Jangan Omong Besar

Artikel ini telah dimuat di penabicara.com pada hari Kamis, 26 Mei 2022 dengan link berikut ini https://www.penabicara.com/ruang-ngopi/pr-2063472803/jangan-omong-besar

Suatu waktu –sebut saja A cerita bahwa omzet UMKM (Usaha Mikro Kecil Menengah)-nya antara Rp 2-5 juta per hari. Saya berhitung cepat dengan harga jual produk Rp 10 s/d 50 ribu per item, sekurangnya omzet Rp 2 juta sehari dengan produk Rp 10 ribuan (katanya paling laris) berarti butuh 200 paket. Belum kalau omzetnya lebih dari Rp 2 juta. Dengan omzet Rp 2 juta sehari, berarti sebulan minimal omzetnya Rp 60 juta. Keuntungan anggaplah 30% dari omzet, berarti ada Rp 18 juta sebulan. Wah, itu sudah penghasilan makmur untuk hidup di Jogja.

Jelas kinerja yang sibuk: datangnya bahan produksi, pembuatan produk, penjualan yang ramai, packing yang banyak, alur pengiriman barang via pasukan oranye dan pasukan ijo (kurir marketplace), atau pasukan warna gado-gado (kurir non marketplace) yang akan bolak-balik, orang bekerja, dll.

Saya sempat bertanya pada A tentang tempat usahanya. Dia bilang semua dilakukan dari rumahnya dengan penjualan online. Toh yang saya saksikan adalah rumahnya yang sepi, kotor, dan tidak terurus. Nyaris tanpa kesibukan sebagai UMKM dengan omzet Rp 2-5 juta sehari.

Tidak sesuai dengan ombes —omong besarnya. Saya nyaris lupa dengan cerita itu. Sampai saya lihat ada tanda segel dari bank bahwa rumah si A dalam masa penyitaan. Catatan dari bank tertempel di dinding rumah. Pihak yang bersangkutan sudah lama tidak membayar cicilan KPR (Kredit Perumahan Rakyat)-nya. Menurut saya, horor juga ya peringatan dari bank model begini.

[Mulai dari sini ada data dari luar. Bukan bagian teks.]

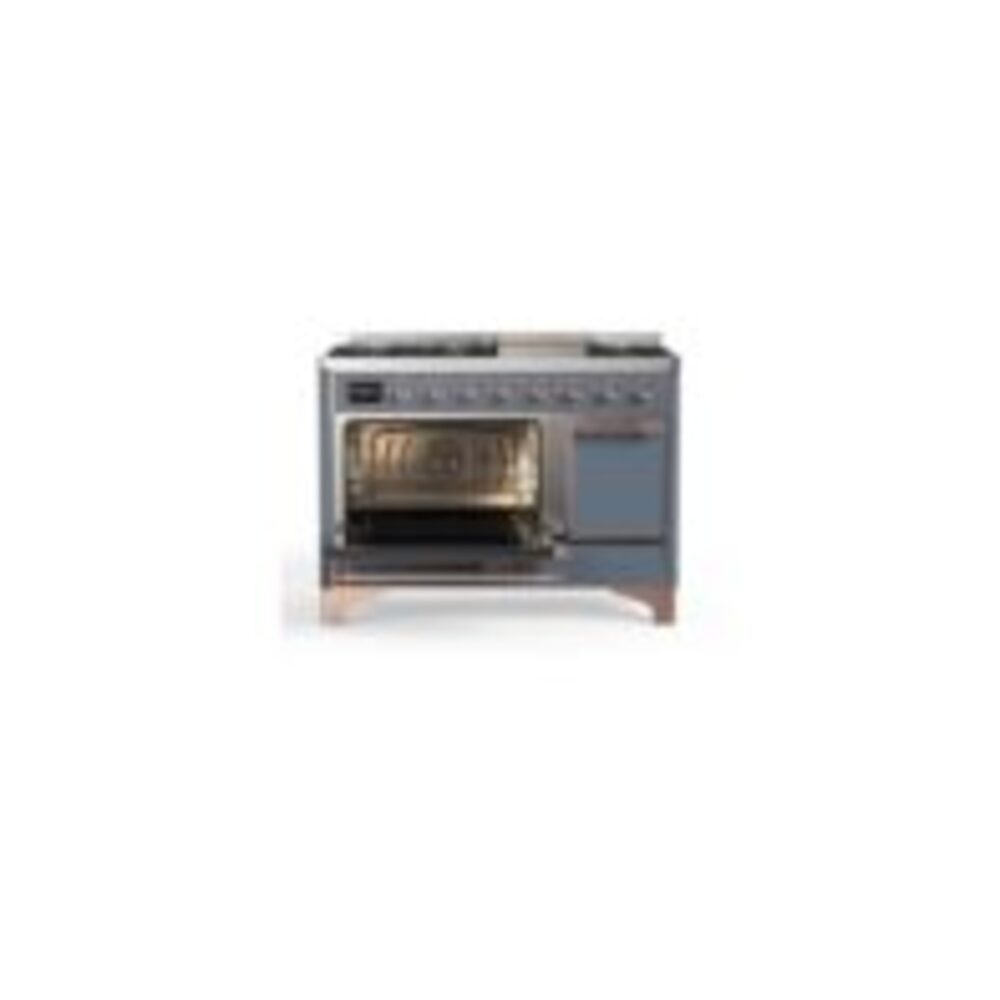 ILVE_UM12FDQNS3BGPLP_Majestic_II_48"_Dual_Fuel_Range_Right_Angle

Kening saya sempat berkerut. Bank menyita rumah KPR tentu tidak karena satu atau dua bulan menunggak cicilan, pasti berbulan-bulan. Saya mengabaikan fakta tersebut dan menganggap usahanya sedang kena ujian.

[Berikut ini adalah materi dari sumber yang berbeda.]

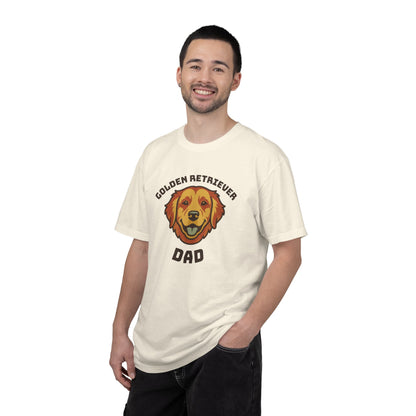 Golden Retriever Dad Shirt — Retro Dog Dad Gift Tee for Men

Sampai seorang kawan saya —sebut saja B yang lama tidak ketemu, menelpon dan bilang mau mampir. Saya senang dengan kawan ini. Praktis, tidak banyak omong. Versi saya, dia sudah banyak memberdayakan orang dan keluarga miskin menjadi mandiri dan sejahtera melalui usaha-usahanya.

Kawan saya ini ternyata membeli rumah si A sebagai bentuk kepeduliannya agar si A punya cukup uang modal usaha dan rumah tidak disita bank. “Sudah aku lunasi utang banknya. Daripada pikiran, Ri. Ini aku urus balik namanya. Kudu minta surat-surat dari perangkat desa. Kusuruh pindah dalam tiga bulan, dia minta ngontrak setahun. Ntar mau dibeli lagi. Kalau dia pindah siy, kurobohin aja. Bangun baru untuk tempat usaha.”

Saya bilang ooo… dan tidak membahas cerita si A pada saya dengan si B. Ternyata cerita belum usai. Beberapa waktu kemudian si A masih ombes. “Itu Bu Ari, saya pulang lama untuk jual tanah di kampung. Rumah saya sudah kebeli lagi.”

Padahal versi si B saat ketemu saya, si A menghilang lama untuk menghindari orang-orang bank yang berulang datang. Saya tanya ke si B dan jawabannya, “Masih ngontrak, Ri. 12 juta setahun, minta keringanan. Aku kasih 8 juta, nyicil 4 kali.”

Anda tentu tahu, kepada siapa saya lebih percaya. Untungnya, saya bukan orang yang iseng mengirimkan jawaban si B kepada si A. Ketika cerita ini sampai kepada ibu saya, beliau merespon, “Dia tidak mau kalah sama kamu. Kelihatan pengangguran, tapi punya duit.” Saya ngakak. Pekerja kreatif kan sering identik sebagai pengangguran. Apalagi kalau kerjanya di rumah.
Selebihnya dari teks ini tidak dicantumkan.